:: Work instruction ::
Take the lines in the listing below from the line with "浙大三一首考分数线2024" up to and including the line with "Sona Floral Yarn" and set them down exactly, skipping pictures and adding nothing.

Extracted material: Begin

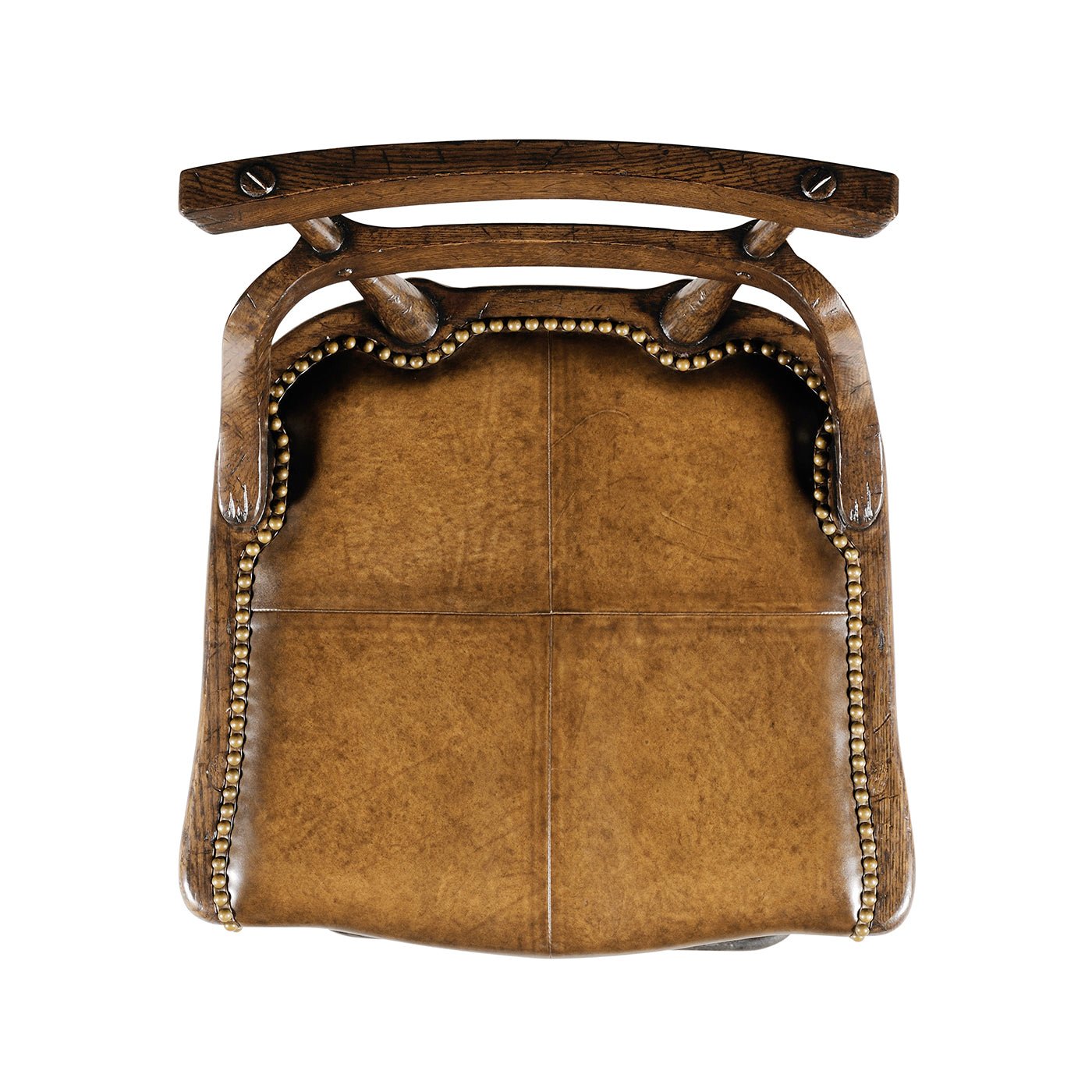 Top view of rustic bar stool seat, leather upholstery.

Extracted material: End
Extracted material: Begin

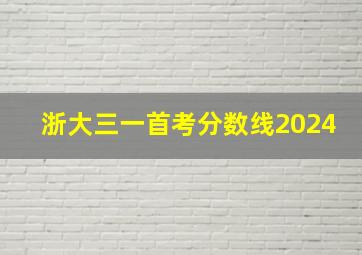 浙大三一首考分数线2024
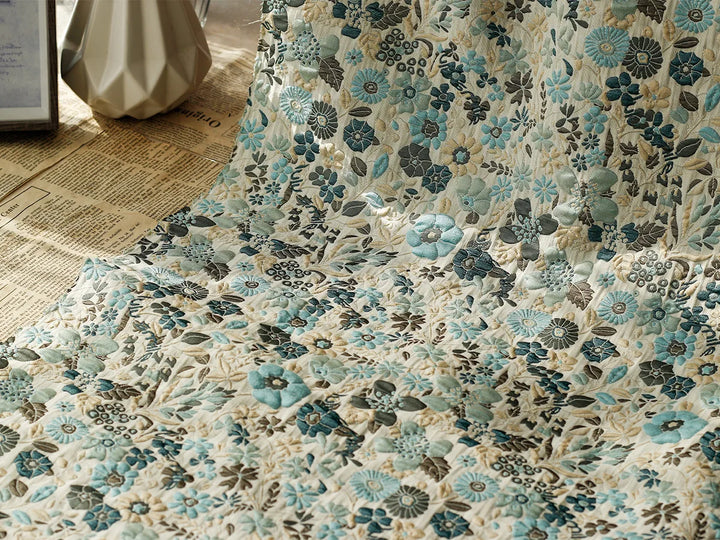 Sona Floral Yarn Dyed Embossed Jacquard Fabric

Extracted material: End

:: Result ::
 浙大三一首考分数线2024
 Sona Floral Yarn Dyed Embossed Jacquard Fabric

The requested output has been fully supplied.